KKTC Bakanlar Kurulu’nun Fethullah Terör Örgütü’nü (FETÖ) terör örgütü ilan etmesi ile birlikte başlatılan soruşturmalar, Kıbrıs Türk Barış Kuvvetleri Komutanlığı ve Güvenlik Kuvvetleri Komutanlığı’nın ardından Polis Genel Müdürlüğü’ne sıçradı.

Hafta başında başlatılan soruşturma kapsamında 62 polis mercek altına alındı. Haklarında çeşitli şüpheler bulunan çeşitli rütbelerden 62 polis, sırayla sorguya alınıyor.

Yeşildağlı sorguluyor

Polis Genel Müdürlüğü, sorgulama ekibinin başında PGM 2’nci Müdür Yardımcısı Hüseyin Yeşildağlı atandı.

Yeşildağlı ile birlikte sorgulama ekibinde bir polis müdürü ve GKK’dan üst düzey bir komutan yer alıyor.

Günde 10 kişi

FETÖ üyesi olup olmadığının anlaşılması için bakılan özellikleri titizlikle inceleyen ekip, günde 10 polisi sorguya alıyor. Üç günde, 30 polis sorguya alınırken, sorgulama bugün ve hafta sonu da devam edecek.

İlk etapta dokuz kişi

Soruşturma sonrasında şunana kadar dokuz polis şüpheli olarak ileri tatkikata aşınacak.

Kalan 32 polisin sorgusu ile birlikte bu sayının artması bekleniyor.

İş dünyasına sıçrayacak

Havadis’in güvenilir kaynaklardan derlediği bilgilere göre, soruşturma kısa süre sonra önce iş dünyası, ardından da üniversitelere sıçrayacak.

Geçtiğimiz günlerde “çok gizli” ibaresi ile Türkiye’den gelen isim listesi, Başbakanlık, İçişleri Bakanlığı ve Polis Genel Müdürlüğüne ulaştı.

Başbakanlık’ın da onayı ile soruşturma Polis Genel Müdürlüğü içerisindeki şüphelilerden başladı.

Hangi yol izleniyor…

Hassas devam eden soruşturmada şüphelilerin üye olup olmadığı şu yöntem izlenerek belirleniyor:

1- 17-25 Aralık sonrası eylemler. Bank Asya’da 2014 Nisan ayından sonra 4 bin TL ve üzeri para yatırıp en az iki ay tutmak. Bu kritere kredi veya bireysel emekliliği bulunan kişiler dahil edilmiyor.

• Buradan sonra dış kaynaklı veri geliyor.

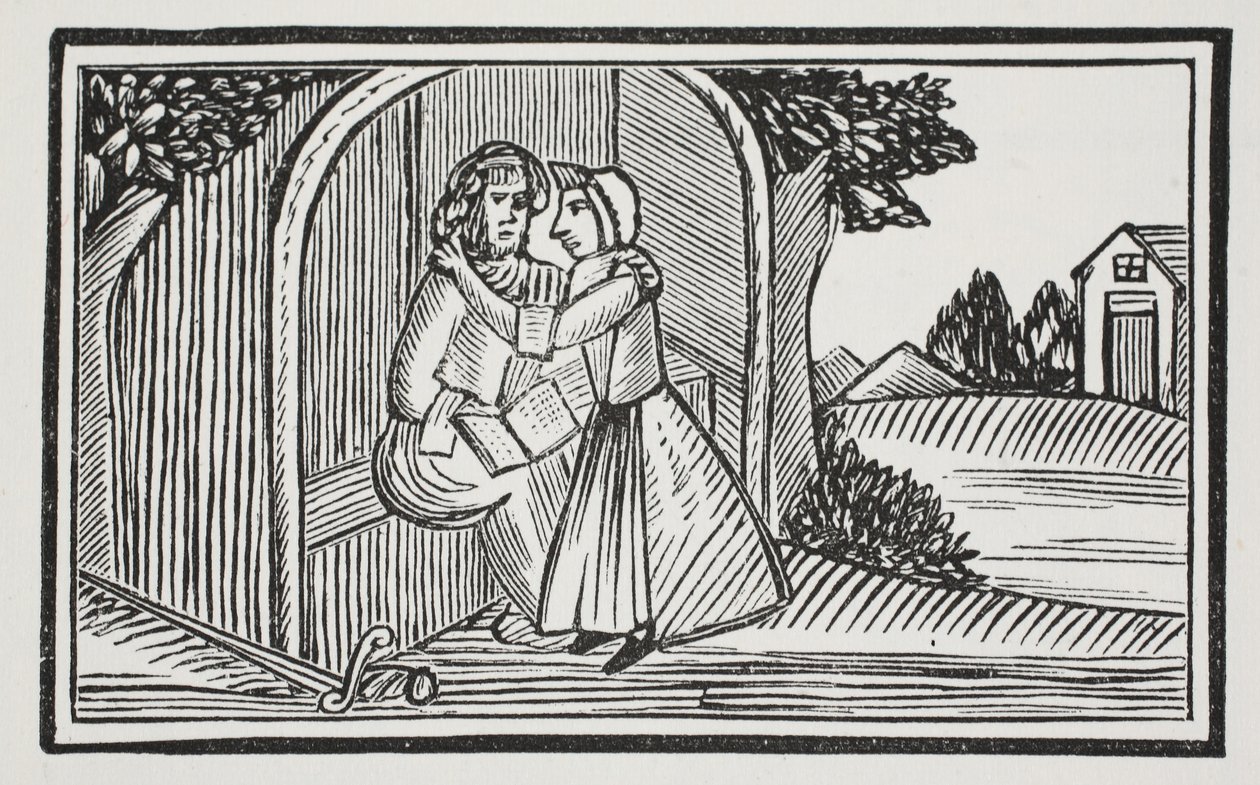 La muerte de Guy, ilustración de Chap-books del siglo XVIII de John Ashton, pub. 1882 de English School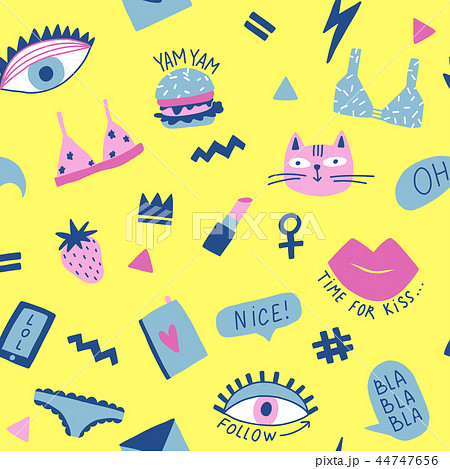Seamless pattern with hand phrases and symbols for teenage girls. 44747656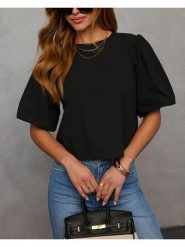 Milan Kiss Bluzka w kolorze czarnym rozmiar: XL. Czarne bluzki Milan Kiss, xl, bez wzorów, bez kołnierzyka, bez ramiączek. Za 113.99 zł.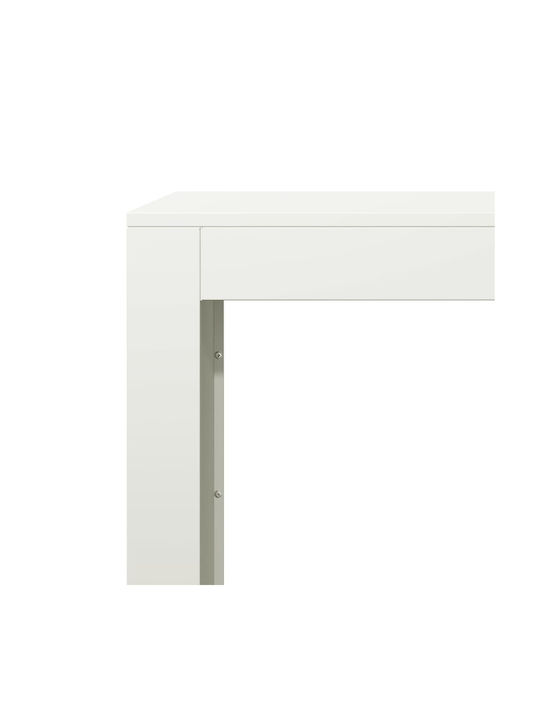 vidaXL Metallic Shelf Wood Storage 100x40x100cm White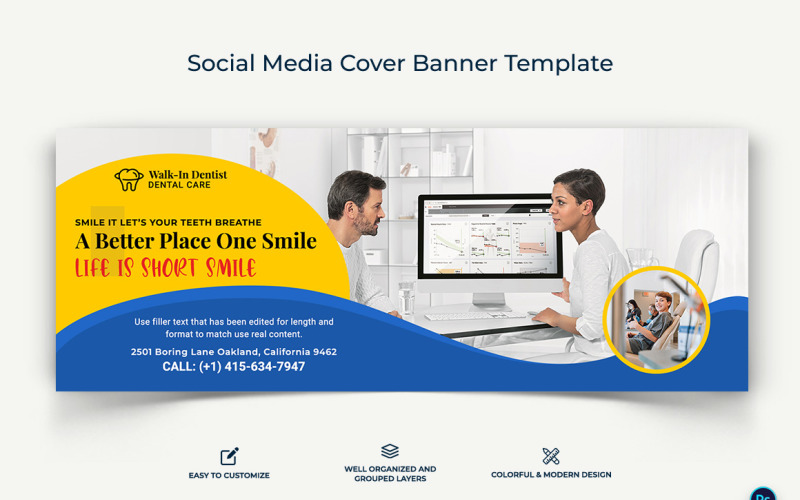Dental Care Facebook Cover Banner Design Template-14 Social Media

2- Telefonunda ByLock programı tespit edilmesi. ByLock’u yoğun kullanan kırmızı ve turuncu listedekiler için bu durum tek başına delil olarak kabul edilirken, daha az kullanan mavi listedekilerin durumu diğer delillerle birlikte değerlendiriliyor.

3- Tanık, gizli tanık beyanları delil olarak değerlendirmekte ancak isimsiz ihbarlar delil olarak değerlendirilmemekte.

4- Örgüt tarafından belirlenen oran nispetinden maaştan her ay düzenli olarak örgüte himmet adı altından yardımda bulunulması.

5- FETÖ’cü üst düzey kamu görevlisi olanların çocuklarını tedbir amacıyla FETÖ’ye ait okul ve dershanelerine göndermedikleri değerlendiriliyor. Bunun için FETÖ’nün okul ve dershanelerine çocukların gönderilmesi delil olarak düşünülmüyor.

6- FETÖ’yle bağlantılı derneklerde yönetim ve denetim organlarında görev yapmak.

7- Kişinin öğrencilik yıllarında örgüte ait ev ve yurtlarında kalmış olması tek başına delil değil. Mezuniyetten sonra örgütle bağı olup olmadığına bakılıyor.

8- Örgüte bağlı TV kanallarının DIGITURK’ten çıkarılmasının ardından toplu halde DIGITURK aboneliklerini iptal edilmesi de delil sayılıyor.

9- Örgüte ait veya bağlantılı otellerde örgüt tarafından belli amaçlarla düzenlenen toplantılara katılmak. (HSYK seçiminden önce ve sonra yapılan toplantılar gibi)

10- Zanlının üzerinden 1 dolar çıkması, diğer delillerle birlikte değerlendirilerek yan delil olarak kabul ediliyor.

11- Kişinin örgüt içinde tayin edilmesi delil olarak değerlendiriliyor.

12- KPSS, askeri veya polis okulu sınavları gibi kamu kurumlarına giriş için yapılan sınavlarda önceden soruların elde edilmiş olması tek başına delil kabul ediliyor. Bu konuda kişi hakkında soruşturma veya kovuşturma olup olmadığına bakılıyor.

13- Örgüt üyelerinin aralarındaki iletişimin tespiti için HTS kayıtları da dikkate alınıyor.